[What you have to do] Go through the entries, filter for the word "Black", and copy every line that has it.

(Scraped caption text data)
- - -

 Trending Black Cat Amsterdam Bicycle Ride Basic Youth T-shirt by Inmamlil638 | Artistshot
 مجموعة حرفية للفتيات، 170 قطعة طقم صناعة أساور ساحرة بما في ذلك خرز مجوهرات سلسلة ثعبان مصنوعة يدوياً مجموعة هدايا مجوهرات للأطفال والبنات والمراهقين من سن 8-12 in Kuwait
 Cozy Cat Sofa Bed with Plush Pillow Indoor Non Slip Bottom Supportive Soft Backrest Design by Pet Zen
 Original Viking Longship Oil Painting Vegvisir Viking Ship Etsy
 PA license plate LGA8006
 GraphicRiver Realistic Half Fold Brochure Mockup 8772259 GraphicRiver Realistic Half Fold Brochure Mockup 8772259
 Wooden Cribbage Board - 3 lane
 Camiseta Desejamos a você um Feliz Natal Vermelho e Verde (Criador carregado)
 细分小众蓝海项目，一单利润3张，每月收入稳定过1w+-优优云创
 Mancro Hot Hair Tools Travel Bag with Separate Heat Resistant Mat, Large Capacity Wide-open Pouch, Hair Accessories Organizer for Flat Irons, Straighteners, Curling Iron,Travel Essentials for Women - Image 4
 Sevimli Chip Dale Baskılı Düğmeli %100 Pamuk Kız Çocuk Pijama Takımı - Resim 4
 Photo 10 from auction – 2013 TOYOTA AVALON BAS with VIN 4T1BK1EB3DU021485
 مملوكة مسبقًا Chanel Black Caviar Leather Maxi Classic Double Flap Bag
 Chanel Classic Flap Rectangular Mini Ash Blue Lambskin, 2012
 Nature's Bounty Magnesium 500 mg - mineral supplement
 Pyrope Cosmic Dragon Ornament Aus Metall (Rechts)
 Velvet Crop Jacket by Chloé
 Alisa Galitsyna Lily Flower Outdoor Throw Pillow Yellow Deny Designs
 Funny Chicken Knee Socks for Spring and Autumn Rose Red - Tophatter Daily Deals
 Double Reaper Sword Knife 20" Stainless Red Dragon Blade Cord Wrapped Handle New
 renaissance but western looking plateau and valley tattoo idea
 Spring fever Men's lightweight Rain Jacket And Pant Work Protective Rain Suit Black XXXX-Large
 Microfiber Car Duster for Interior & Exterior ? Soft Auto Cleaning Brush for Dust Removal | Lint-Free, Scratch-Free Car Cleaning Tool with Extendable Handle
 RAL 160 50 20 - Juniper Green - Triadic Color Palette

- - -

[Written reply]
 Trending Black Cat Amsterdam Bicycle Ride Basic Youth T-shirt by Inmamlil638 | Artistshot
 مملوكة مسبقًا Chanel Black Caviar Leather Maxi Classic Double Flap Bag
 Spring fever Men's lightweight Rain Jacket And Pant Work Protective Rain Suit Black XXXX-Large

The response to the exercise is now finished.